Page 2 of 2

Re: Letting the kernel handle mutexes / semaphores with IPIs

Posted: Mon Jun 06, 2011 12:38 am
by rdos
Owen wrote:The case to optimize for is the uncontested case. If you're blocking, you've already failed at scaling. Besides, if you can lock and unlock the futex in 1/5th of the time (And this is realistic with privilege level switch times on x86) then you significantly reduce the time in which there is an opportunity for blocking to occur (Assuming the application holds the lock for the shortest time possible; a hopefully reasonable assumption)
This seems reasonable. However, if I were to implement this, I'd keep the creation/deletion calls, and just put the handle after the counter. I would also not support using this between processes. There is IPC for such things. No need to support synchronization between processes in shared memory.

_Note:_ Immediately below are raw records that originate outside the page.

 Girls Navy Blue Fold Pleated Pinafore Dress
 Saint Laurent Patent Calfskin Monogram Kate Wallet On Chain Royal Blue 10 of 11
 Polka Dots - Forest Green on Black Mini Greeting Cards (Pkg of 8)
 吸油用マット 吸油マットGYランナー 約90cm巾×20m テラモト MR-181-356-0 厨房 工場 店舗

Re: Letting the kernel handle mutexes / semaphores with IPIs

Posted: Mon Jun 06, 2011 2:58 am
by rdos
berkus wrote:
rdos wrote:I would also not support using this between processes. There is IPC for such things. No need to support synchronization between processes in shared memory.
Exactly the opposite, I would say.
The problems with such support clearly prevails. There is nothing that can be done with shared memory synchronization that cannot be done with IPC (possibly in conjunction with shared memory). The primary problem with global handles is that they might not become deleted as such handles cannot automatically be purged when processes terminate.

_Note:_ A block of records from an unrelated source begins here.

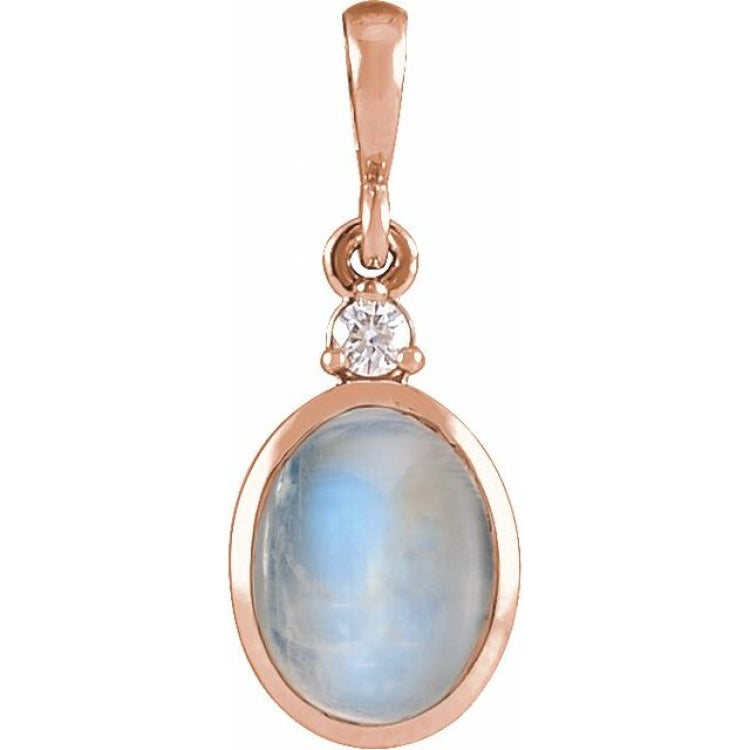 14K Rose Gold 6x4 mm Natural Rainbow Moonstone & .015 CT Natural Diamond Pendant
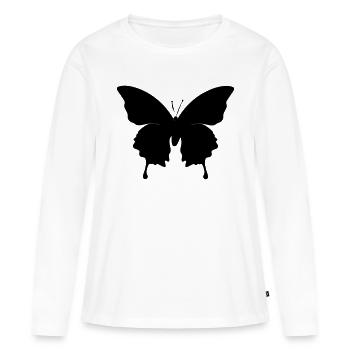 silhouette de papillon - T-shirt manches longues Premium bio Femme - blanc - Devant - Julia (174cm)
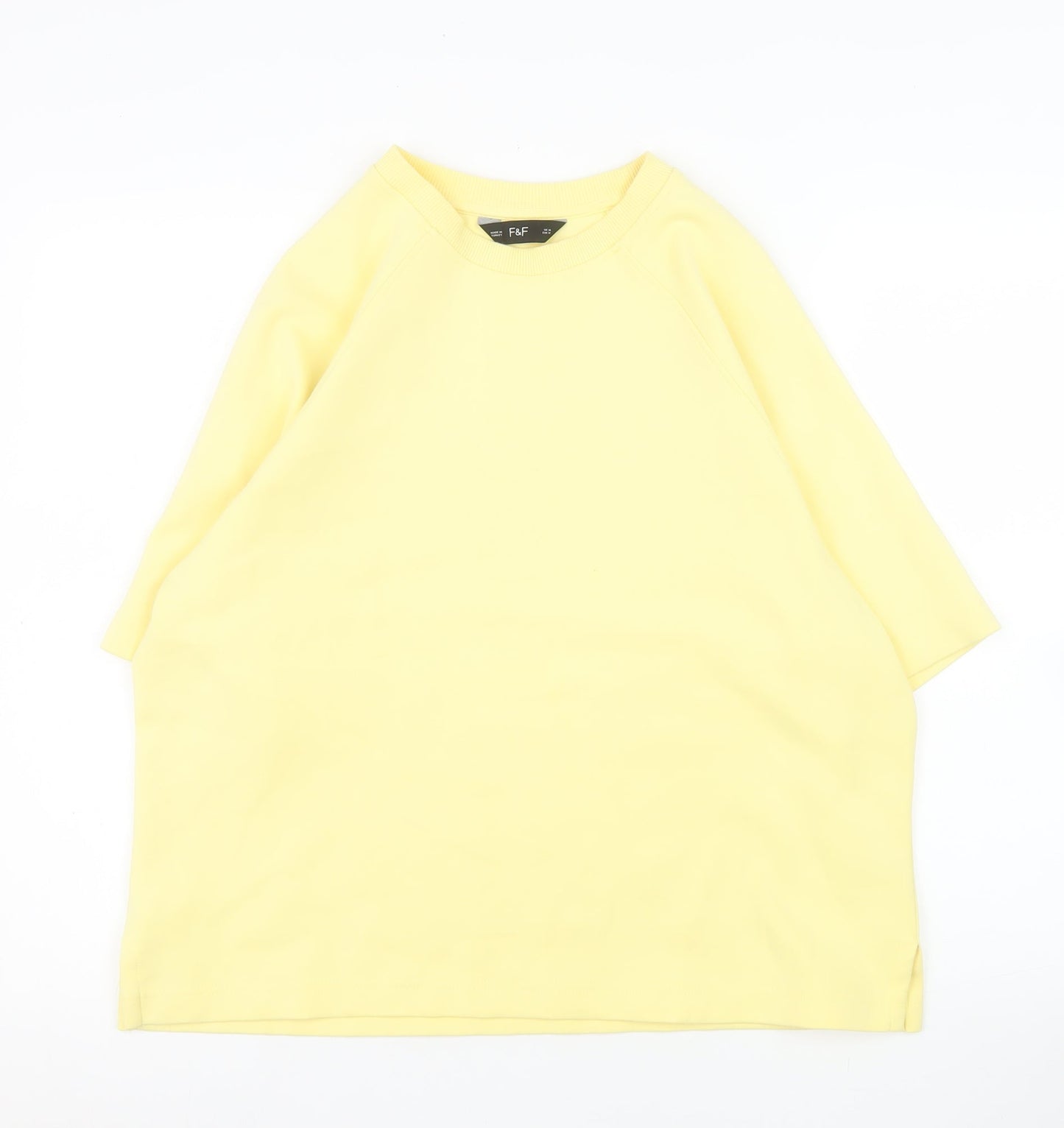 F&F Women Yellow Crew Neck 3/4 Sleeve Cotton Blend T-Shirt Size M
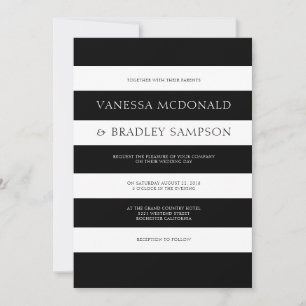 Black and white stripes wedding invitation. invitation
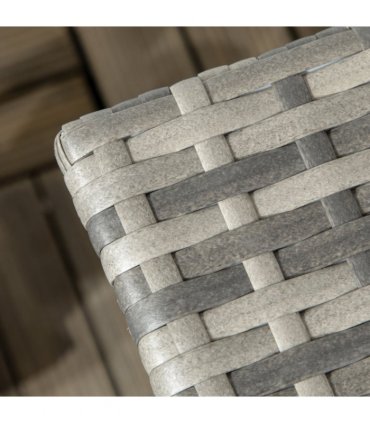 PE Rattan Outdoor Coffee Table, Rattan Side Table for Patio, Garden, Mixed Grey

Re: Letting the kernel handle mutexes / semaphores with IPIs

Posted: Mon Jun 06, 2011 4:48 am
by Owen
The Futex structure I showed was a possible optimization. The Linux implementation uses just a uint32_t.

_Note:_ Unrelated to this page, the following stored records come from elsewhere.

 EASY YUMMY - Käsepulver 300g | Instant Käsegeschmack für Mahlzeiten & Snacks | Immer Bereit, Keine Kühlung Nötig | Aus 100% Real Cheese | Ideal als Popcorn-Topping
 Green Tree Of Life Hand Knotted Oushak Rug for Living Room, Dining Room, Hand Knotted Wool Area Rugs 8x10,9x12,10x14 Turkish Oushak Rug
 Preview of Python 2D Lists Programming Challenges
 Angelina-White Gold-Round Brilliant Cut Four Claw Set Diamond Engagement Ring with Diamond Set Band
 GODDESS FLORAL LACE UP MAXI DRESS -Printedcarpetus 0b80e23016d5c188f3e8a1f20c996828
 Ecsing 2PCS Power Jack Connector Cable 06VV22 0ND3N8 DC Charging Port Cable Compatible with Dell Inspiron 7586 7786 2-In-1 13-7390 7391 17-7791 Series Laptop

One possible train of thought: If you have shared memory, you don't need to do as much memory copying during IPC.

Re: Letting the kernel handle mutexes / semaphores with IPIs

Posted: Mon Jun 06, 2011 8:24 am
by rdos
Owen wrote:The Futex structure I showed was a possible optimization. The Linux implementation uses just a uint32_t.
OK, then they must have the seach problem when blocking. Using a handle seems like a more optimal solution. If an OS must support futexes in shared memory, it could implement global handles and provide a new API to initialize a shared futex.
Owen wrote:One possible train of thought: If you have shared memory, you don't need to do as much memory copying during IPC.
Shared memory doesn't scale. If you need to add more machines, shared memory won't do. And adding more cores doesn't scale either as the memory system becomes a bottleneck. A generic IPC that works across machines on a network scales much better than any shared memory attempt.

And I do not copy during local IPC. I allocate page-aligned buffers in order to only transfer the page-tables between sender & receiver.

Re: Letting the kernel handle mutexes / semaphores with IPIs

Posted: Mon Jun 06, 2011 8:32 am
by Owen
Agreed, but
  • Lets not throw away the benefits of shared memory on a single machine, and
  • Shared memory makes a great base on which to build high-performance local IPC (In which the SHM is an implementation detail)
  • Shared memory is a great way to implement file access (i.e. all access is by memory mapping the file; this is implemented by mapping the RAM backing the cache into the process). Files are essentially shared memory anyway, and for most cases you'll get better performance with coarse-grained locking (as occurs with shared memory) than with sending fine-grained file ops over the network

Re: Letting the kernel handle mutexes / semaphores with IPIs

Posted: Mon Jun 06, 2011 8:38 am
by rdos
Owen wrote:Shared memory is a great way to implement file access (i.e. all access is by memory mapping the file; this is implemented by mapping the RAM backing the cache into the process). Files are essentially shared memory anyway, and for most cases you'll get better performance with coarse-grained locking (as occurs with shared memory) than with sending fine-grained file ops over the network
Certainly. File buffers are best implemented using shared (kernel) memory, and their pages can easily be mapped into a process address-space as well for faster access. I have implemented memory-mapped files since a while back.